Artigo Revisado por pares

Stratigraphy and Sedimentary Environments of Lower Cretaceous Rocks, Southern Western Interior

1970; American Association of Petroleum Geologists; Volume: 54; Linguagem: Inglês

10.1306/5d25cbb5-16c1-11d7-8645000102c1865d

ISSN

1558-9153

Autores

Robert W. Scott,

Tópico(s)

Water Quality and Resources Studies

Resumo

Upper Albian rocks crop out on the southern edge of the Western Interior province in Kansas, Oklahoma, northeastern New Mexico, and southeastern Colorado. Four formations are recognized in the several regions: Cheyenne Sandstone and Kiowa Formation in Kansas and western Oklahoma, Tucumcari Formation in New Mexico, and Purgatoire Formation consisting of the Lytle Sandstone Member and the overlying Glencairn Shale Member in southeastern Colorado and parts of adjacent states. Recognition of four ammonite-bivalve zones indicates that the basal Kiowa and much of the Cheyenne are time equivalents of the uppermost Fredericksburg rocks in Texas. Most of the Kiowa is equivalent to Washita units through the Denton Formation in North Texas. The Tucumcari and Glencairn correlate with upper parts of the Kiowa in southern Kansas. Part of the Lytle is equivalent to lower parts of the Kiowa and part may be older than the basal Kiowa. These rocks record the transgression and regression of the Early Cretaceous sea from the Gulf Coast region of the United States. The sequence consists of coastal-plain, sea-margin, and open-sea deposits.

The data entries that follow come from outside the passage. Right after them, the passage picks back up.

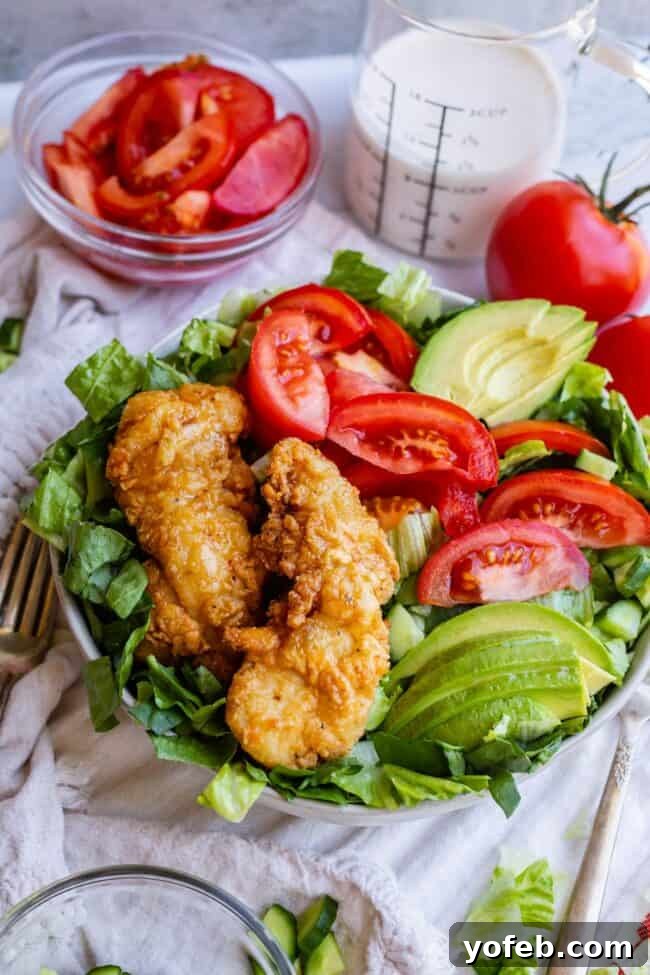 Chicken Salad with Crispy Topping Crispy chicken salad in a rustic bowl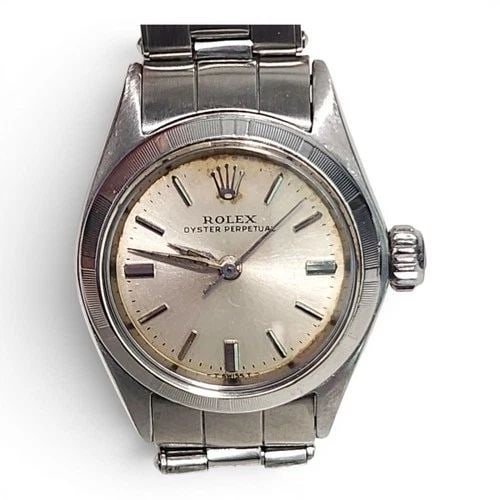 ROLEX OYSTER PERPETUAL LADIES 26 MM STEEL AUTOMATIC WATCH 6623 CIRCA 1966: ROLEX OYSTER PERPETUAL LADIES 26 MM STEEL AUTOMATIC WATCH 6623 CIRCA 1966 Manufacturer Rolex Category Oyster Perpetual Ladies No Date Reference Number 6623 Band Stainless Steel Band Color Steel Band T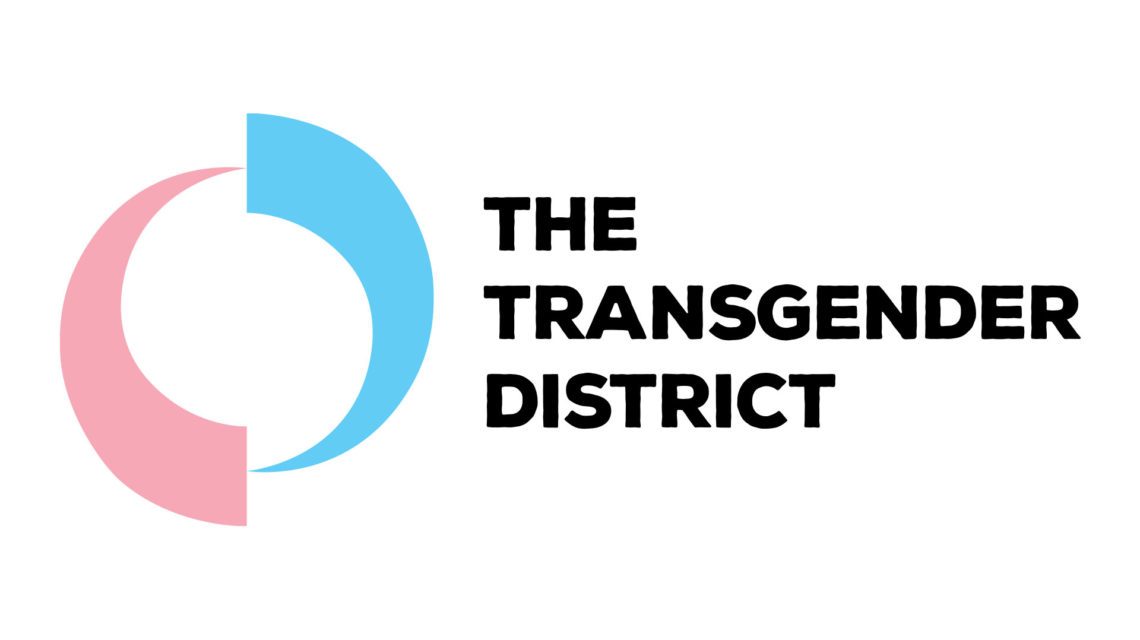 District logo. Two fat arrows swirling around a center point. The left arrow points up and the pink of the transgender flag. The right arrow points down and is the light blue of the transgender flag. To the right of the arrows is heavy, black, sans serif, all-caps type: "The Transgender District," on three lines. Type is centered vertically on arrows.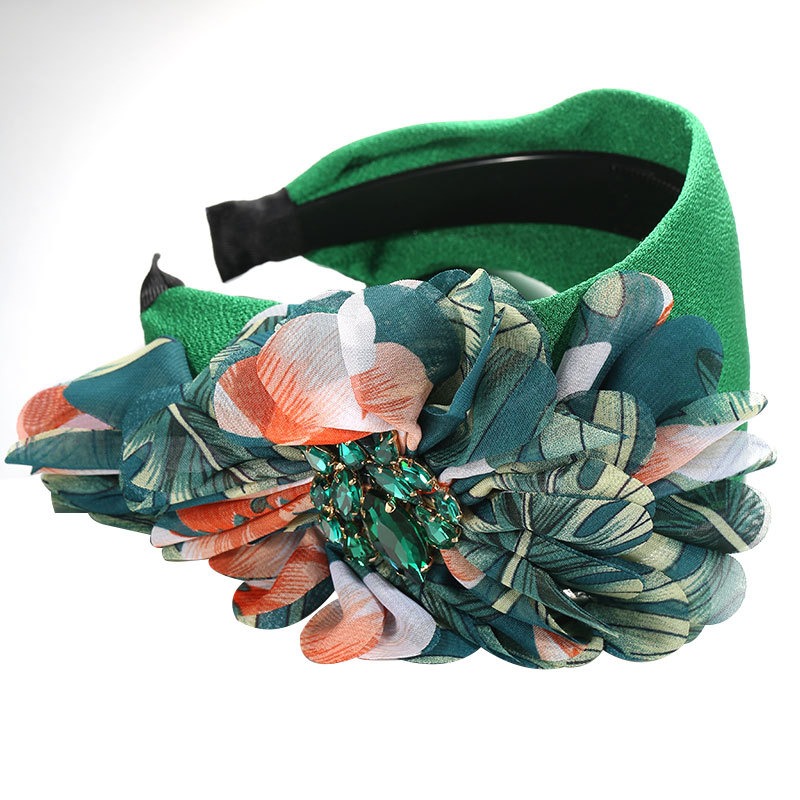 Green floral headband showing fabric-covered band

Cross-bedded, conglomeratic sandstones of the Cheyenne and Lytle were deposited by fluviatile processes on a coastal plain; laminated and thin-bedded sandstone and mudstone of the Kiowa, Purgatoire, and Tucumcari that commonly bear marine infaunal and epifaunal mollusks originated in the sublittoral margin of the seaway; and the dark-gray shale of these three formations, locally bearing a fauna of burrowing detritus- and filter-feeding invertebrates, originated as mud in the open seaway.